La acción se sitúa en el verano de 1998, en la ciudad de Kabul (Afganistán) bajo el yugo de los talibanes, un régimen de horror que acabó con cualquier atisbo de resistencia, y sobre todo, creo un mundo donde la mujer quedó anulada, al amparo del hombre, oculta bajo el burka, vilipendiada y sometida al amparo del tirano. Habíamos visto películas interesantes y profundas sobre este atroz tiempo de la historia del país árabe como Osama, de Siddiq Barmak, A las cinco de la tarde, de Samira Makhmalbaf o Buda explotó por vergüenza, de Hana Makhmalbaf, donde se daba buena cuenta de la terrible situación de la mujer afgana. Incluso, en junio del año pasado, y también con las técnicas de animación, conocimos el relato de Parvana, la heroína de El pan de la guerra, de Nora Twoney, que al igual que ocurría en Osama, su familia la convertía en chico para poder subsistir. Ahora nos llega, Las golondrinas de Kabul, basada en la novela homónima de Yasmina Khadra, que nos cuenta las peripecias de Zunaira y Mohsen, una joven pareja que vive en Kabul, y cómo su destino hará que la penosa y oscura existencia bajo el régimen talibán les dé una oportunidad diferente a la que tienen.

Los productores de Bienvenidos a Bellevilley Ernest & Celestine, dos de las últimas películas de animación francesas de éxito, confiaron en el talento de Zabou Breitman (París, Francia, 1959) con una extensa filmografía como actriz, y directora de teatro y cine con cinco títulos de acción real en su haber. A través de la técnica de la rotoscopia (filmar con intérpretes acciones reales que después se pasaran a animación) misma técnica utilizada en grandes obras del género como Yellow Submarine,  El señor de los anillos, A Scanner Darkly o Vals con Bashir, y la magia de los dibujos en acuarela de Éléa Gobbé-Mélvellec (Francia, 1985) que ya había trabajado en Ernest & Clestine, la simbiosis perfecta para llevar a cabo la sensibilidad y belleza que requería la novela de Khadra. Un espacio que nos sumerge en la cotidianidad de ese Kabul espectral y vacío, donde apenas se ven rastros de vida, en el que todos sus habitantes se mueven por inercia, desplazándose con miedo, agazapados en una realidad terrorífica y desoladora.

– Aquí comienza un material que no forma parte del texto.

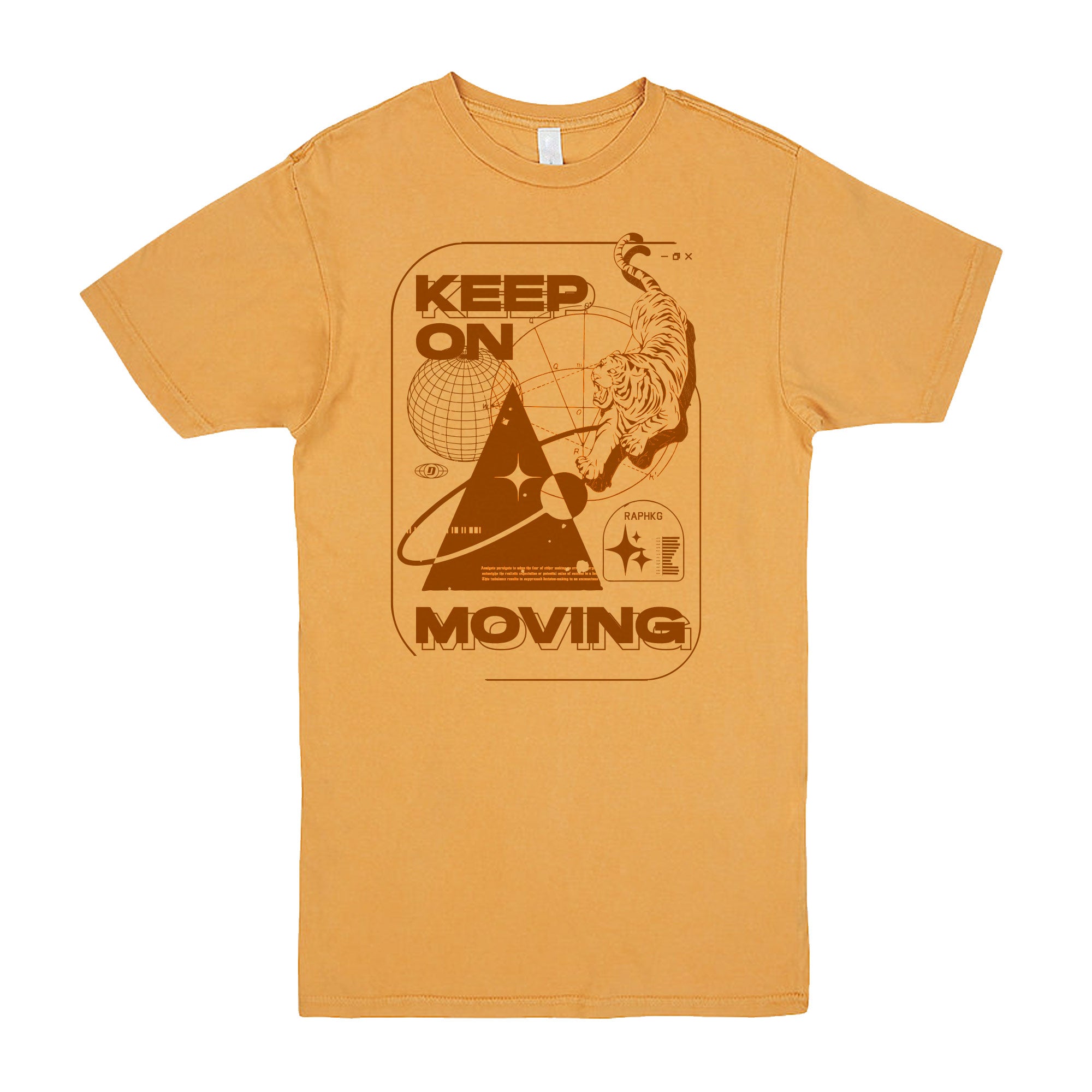 Keep On Moving Tee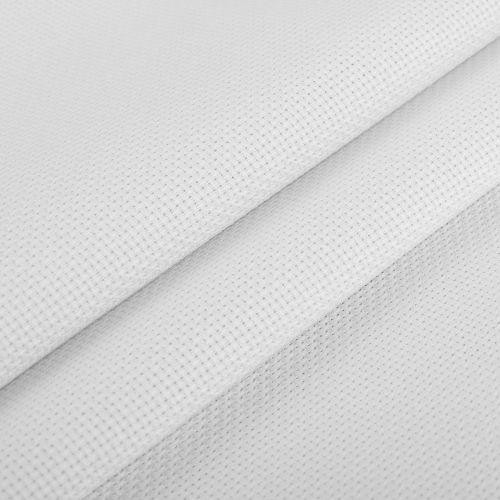 Канва Aida 16 шириной 150см, цвет белый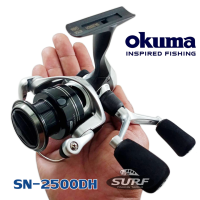 รอกตกหมึก OKUMA SAFINA SN-2500DH ระบบแขนคู่ สำหรับงานตกหมึก ตกปลา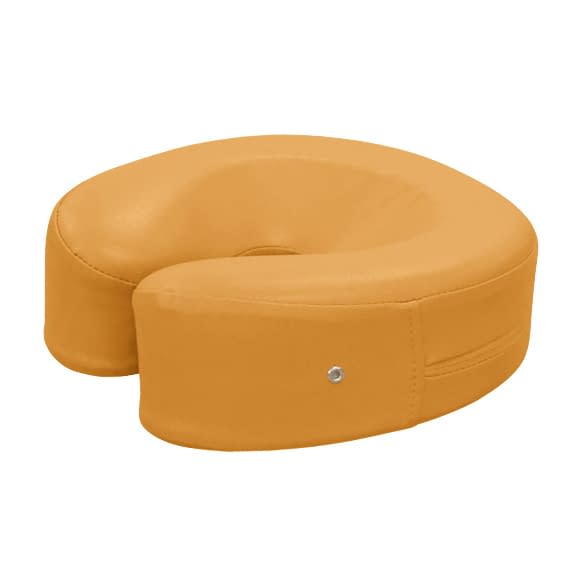 カラーフェイス用マクラ フェイス用 19-4320-0010 ビニルレザーオレンジ 高田ベッド製作所 TB-77C-03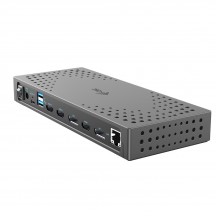 Docking Station iTec USB 3.0 / USB-C / Thunderbolt, 3x 4K Docking Station Gen 2 + Power Delivery 100W CATRIPLE4KDOCKPD2
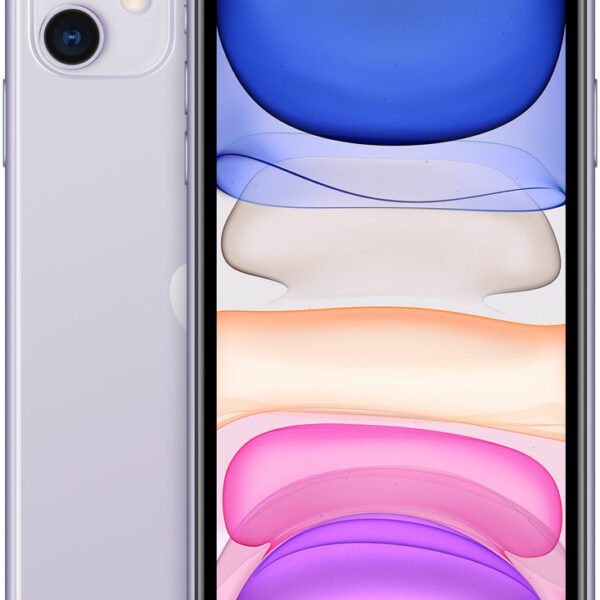 Смартфон Apple iPhone 11 (новая комплектация) 128Gb Фиолетовый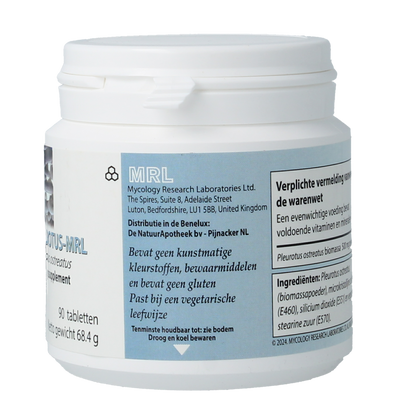 MRL Pleurotus 90.00 Tabletten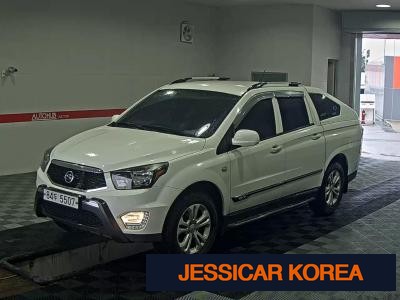2017 The NewKorando Sports 2.2 4WD CX7 Extreme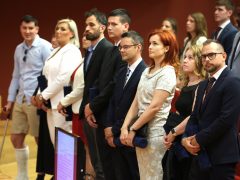 Szeged, Doktori oklevélátadó, SZTE, Szegedi Tudományegyetem, egyetem, oktatás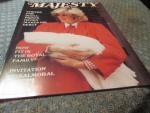 Majesty Magazine 10/1984 Prince Henry makes debut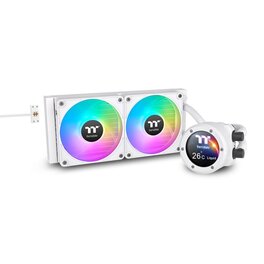 Water Cooler Thermaltake TH240 V2 Ultra Ex ARGB Sync LCD 2.1"...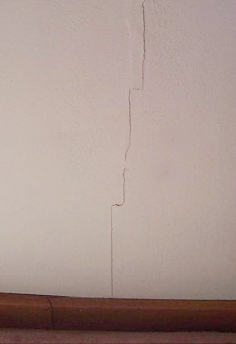 wall cracks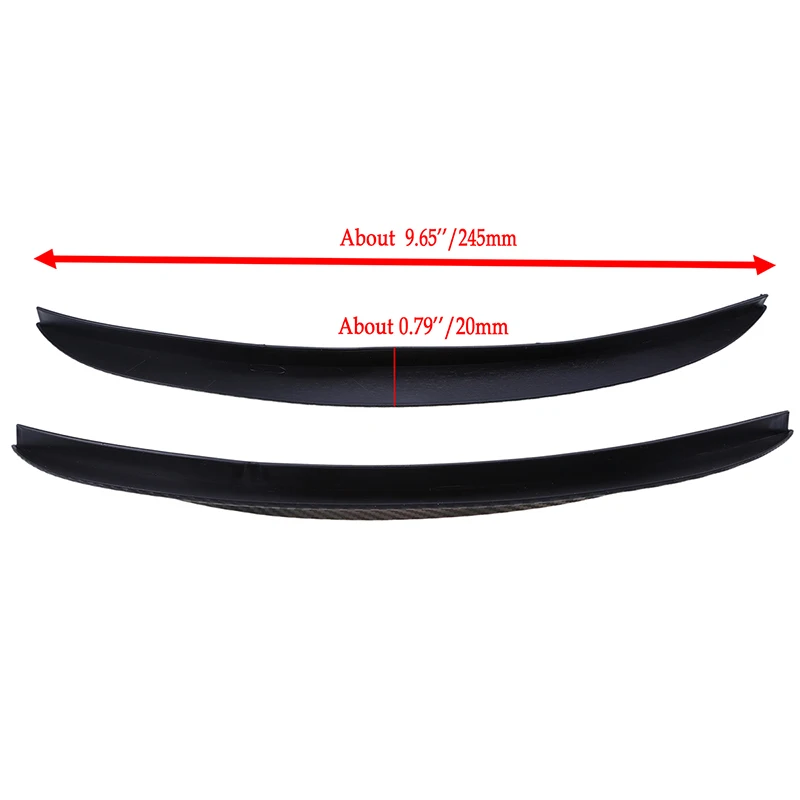 Автомобильные грязезащитные накладки POSSBAY из имитации углеродного волокна|wheel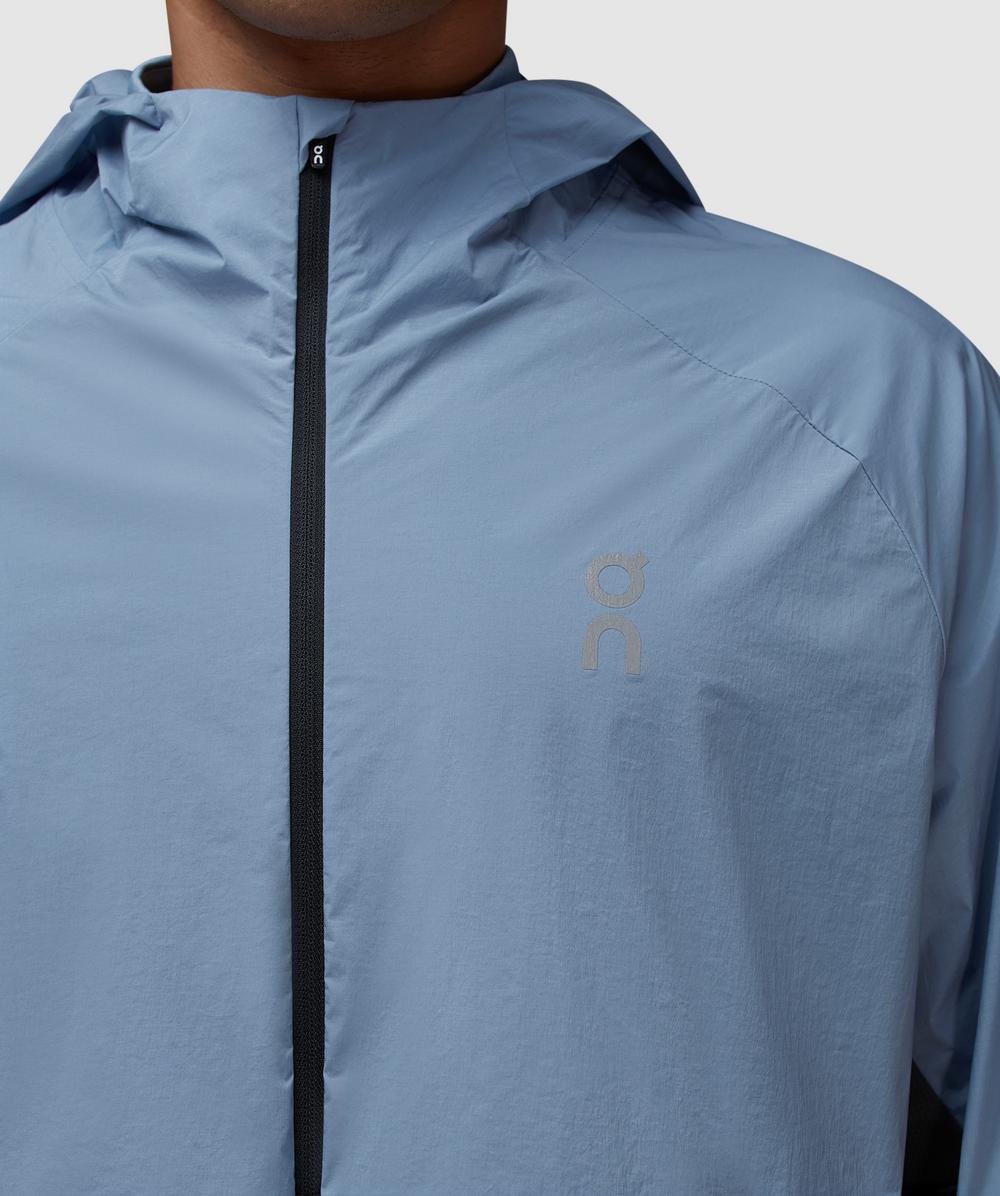 On Core jacket | CHAMBRAY | ECLIPSE | SEVENSTORE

La película de Breitman y Gobbé-Mévellec capta con absoluta precisión y detalle todo ese universo deshumanizado, construido a través de las miradas y gestos de unos personajes encerrados en una existencia desgarradora y asfixiante, en que el dibujo nos muestra la cotidianidad de manera abstracta, situándonos en un paisaje urbano que describe el abatimiento que sienten los protagonistas del relato, vaciándonos el espacio y dejándonos en mitad de ese desgarro infernal en el que los talibanes han convertido Kabul, donde crece la infamia, el dolor, el miedo y la sinrazón a cada instante, como el terrorífico detalle de la mirada de las mujeres a través de la rejilla del burka o esa demoledora secuencia de la lapidación. Las directoras francesas parecen guiarnos por una película muy deudora del cine iraní, con la sombra guiadora de los Kiarostami, Panahi, Makhmalbaf, entre otros, un cine que reflejaba en la infancia los durísimos embates contra la población iraní bajo el régimen de los ayatolás.

La cercanía, el preciosismo y la belleza que hace gala la animación se convierten en el mejor vehículo para contarnos de manera sincera e intimista el infierno cotidiano y existencial que viven los personajes, consiguiendo en muchos instantes que olvidemos la animación y nos sintamos frente a un documento real sobre la situación vital de la población afgana que padeció tamaño sufrimiento, sensación manifiesta gracias a la fantástica ilustración, acompañado de un movimiento y sonido evolventes, con el aroma que desprende y la precisión de su brillante guión, transformando un relato que va más allá de la simple historia, para adentrase en un terreno más universal, con unas personas que sueñan con ser libres y luchan por conseguirlo, donde las circunstancias del momento pueden cambiar de tal forma que el infierno persistente y agobiante de la realidad, abra un resquicio de luz por el que la vida ofrezca una oportunidad inesperada pero real para sus vidas, como ocurría en Funan, de Denis Do, otra impresionante muestra de cómo la animación evocaba los infiernos personales de los camboyanos bajo el yugo de los Jemeres Rojos.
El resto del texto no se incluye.